猫と恋は、ときどき優しい

「失礼します」と声をかけて中に入ると、図書館のように並ぶ高い棚の間に、社員がひとりいた。
そこを通り過ぎ、更に奥に進むと――。

いた。
資料を手にした秋山さんが私を振り返り、ニッと口角を上げて目を細める。

他にも人がいるので声は出せない。
私は込み上げる喜びを隠すように唇を噛んで奥へと進み、秋山さんにそっと紙袋を渡した。
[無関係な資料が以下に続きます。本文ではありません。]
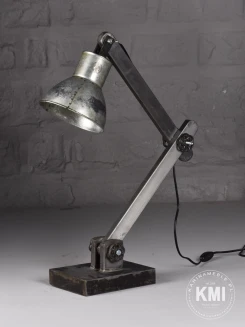 Metalowa lampa biurkowa industrialna czarna – Karina Meble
密やかな感じが体の芯を揺さぶるようで、ドキドキと胸が鳴り、心が熱くなる。

無事紙袋を渡し通り過ぎようとした時、クイッと手を引かれた。

振り返りざまに落ちてきたのは、秋山さんの唇。

頬にチュとキスをした秋山さんは、耳に息を吹きかけるように「ありがとう」と、囁いた。

微かな音を立ててハートのイヤリングが揺れる……。

――え?
ええっ!?


爆発しそうな心臓を抱えるようにして資料室を飛び出し、逃げるように席に戻った。

――い、いま何が起きたの!

二十五才にもなって頬にキスですら初めてのこと。小学生並みの恋愛経験しかない私には、刺激が強すぎた。

彼の唇が触れた頬が、熱い。
あぁ、まるで秋山という焼印を押されたみたい……。

――秋山さん。


「どうかした?」

そんな余韻に浸る間も与えてくれないのが南さんだ。
怪訝そうに首を傾げて、私の顔を覗きこむ。

「は、はい?」

「なんだか顔が赤いみたいだけど? 熱?」

「あ、いえ、なんでもないです。ちょっと急ぎ足で歩いたもので……」

「そう? じゃあ、これお願い。付箋の箇所を修正して、タイトルとインデックスをつけて、今週中に二十部ね」

「は、はい、わかりました」
――って、え? そんなに?
待てよ。今週中って、あと二日しかない。